Cardinal and Pastor Tell Families: Want to Evangelize? You Need These Two Qualities

At the World Meeting of Families, Cardinal Sean O’Malley and Evangelical pastor Rick Warren spoke about how families need to be a ‘school of love’ that draw the world to Jesus through beauty and joy.

Cardinal Sean O'Malley of Boston gives a keynote address in Philadelphia at the World Meeting of Families, Sept. 25, 2015.
Cardinal Sean O'Malley of Boston gives a keynote address in Philadelphia at the World Meeting of Families, Sept. 25, 2015. (photo: Mary Rezac/CNA.)

PHILADELPHIA — In front of thousands of Catholics who had descended upon Philadelphia to hear talks about family and faith, Boston Cardinal Seán O'Malley had a message for them: Don’t be a party-pooper before a world that needs their witness.

“Beauty and joy are the most powerful tools that we have to evangelize,” Cardinal O’Malley said at Friday’s keynote address at the World Meeting of Families in Philadelphia. 

“So together, we want to dream of a world where the beauty of family life attracts people to make a gift of themselves in marriage, to build a domestic church that will continue to build a civilization of love,” he said. 

The cardinal spoke at the World Meeting of Families, an international gathering designed to encourage and strengthen families across the globe. Pope Francis will celebrate the final Mass at the Sept. 22-27 gathering, which has as its theme, “Love is Our Mission: The Family Fully Alive.”

The meeting also includes presentations, testimonies, music, and other events. The final keynote address was delivered by Cardinal O’Malley and well-known Evangelical pastor and author Rick Warren.

“Joy-filled families are based on the love of God,” Warren said, adding that people only have love because they are made in the image of God, who is love. 
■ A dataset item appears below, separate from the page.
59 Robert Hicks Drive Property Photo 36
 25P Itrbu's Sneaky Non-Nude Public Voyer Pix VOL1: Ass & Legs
The pastor also described joy-filled families as being filled with purpose, focused on becoming like Jesus Christ, and ultimately fulfilling God’s mission for them.
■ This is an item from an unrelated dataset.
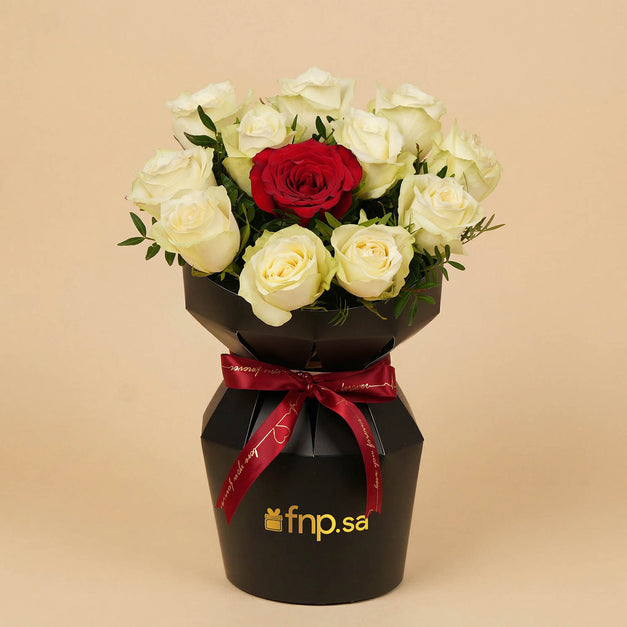 بوكيه ورد أبيض مع وردة حمراء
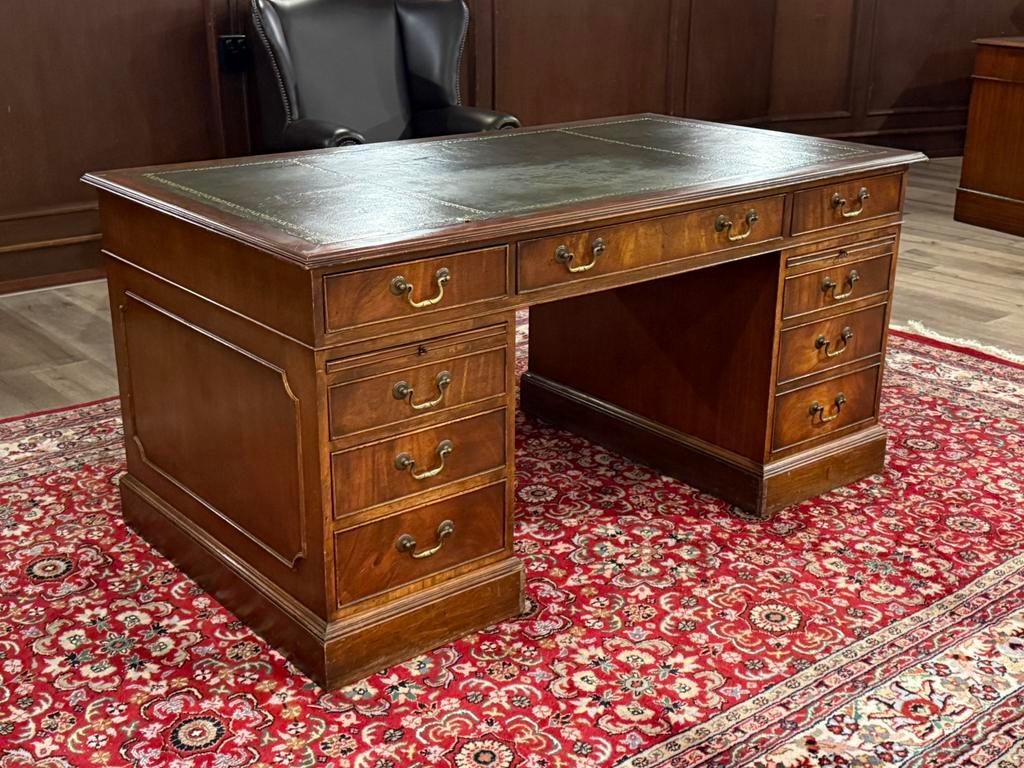 Klassiek Engels bureau #619, Ophalen of Verzenden, Zo goed als nieuw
In his remarks, Cardinal O’Malley talked about the call to be missionary disciples. 

The fundamental decision to love is born from an encounter with the living God, who first loved them, he said. In this encounter, they can see the world through God’s eyes, and recognize what is truly beautiful and important in life.

Their response to that encounter is how they all live out discipleship, the cardinal said. 
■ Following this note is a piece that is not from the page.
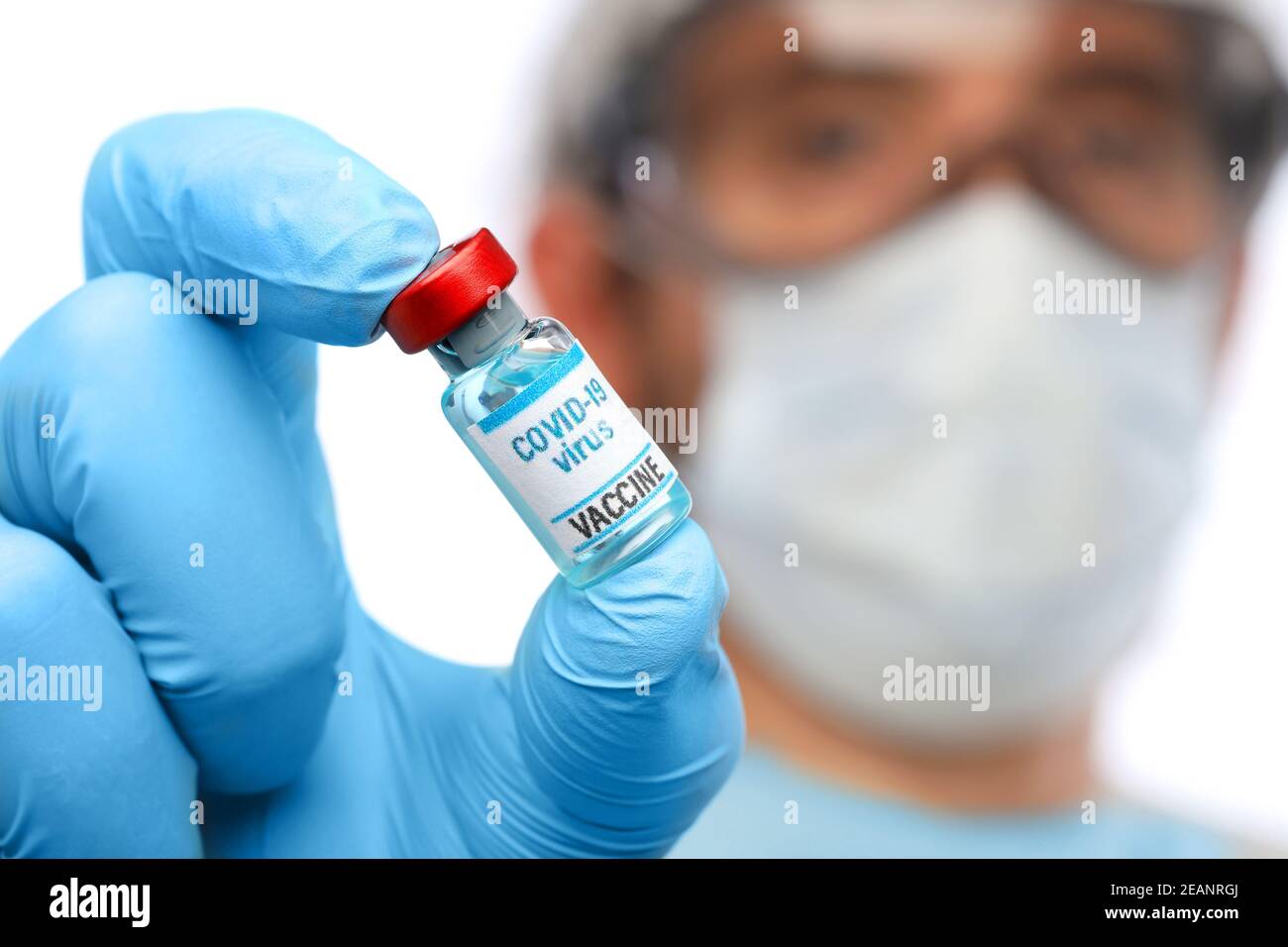 Médecin en masque médical et gants en latex. Vaccin Covid 19 Banque D'Images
“Pope Francis makes it clear that our call to discipleship is a call to be missionary disciples,” he added. “We’re faithful to our mission as Christ’s family only by inviting others to be a part of that mission, by helping families to become what they are.”

Family is critical to achieving this goal, Cardinal O’Malley said. “In God’s plan, the family is the school of love where we learn to make a gift of ourselves.”

He stated that “marriage in God’s plan is the sanctuary of love,” and “families are missionaries - they pass on the faith to new generations.”

“The parents not only communicate the Gospel to their children, but from their children they can receive the same Gospel, deeply lived by them,” the cardinal said. “Such a family becomes an evangelizer of many families.”

Those families that live out this mission “change the course of history,” Cardinal O’Malley added. “They open the door that allows God’s light to enter the world and their witness helps us to be open to life.”

If the family does its job properly, it transforms crowds into communities, he said. A crowd is simply a collection of people drawn by circumstances or common interest, but generally disinterested in one another’s well-being. In contrast, he explained, a community cares about the other members.

He pointed to the Gospel story in which the crowd prevented a paralyzed man from getting close to Jesus, but his community of friends brought him to Christ by lowering him through a roof. 

“The crowd always pushes away. Community draws people closer to Christ.”

“We inhabit the new mission territories of the Church. We need to find a way to bring the Gospel to the contemporary world,” Cardinal O’Malley said. “Our task is to change the crowd into a community. That’s what evangelization is about, and it must begin with our families.”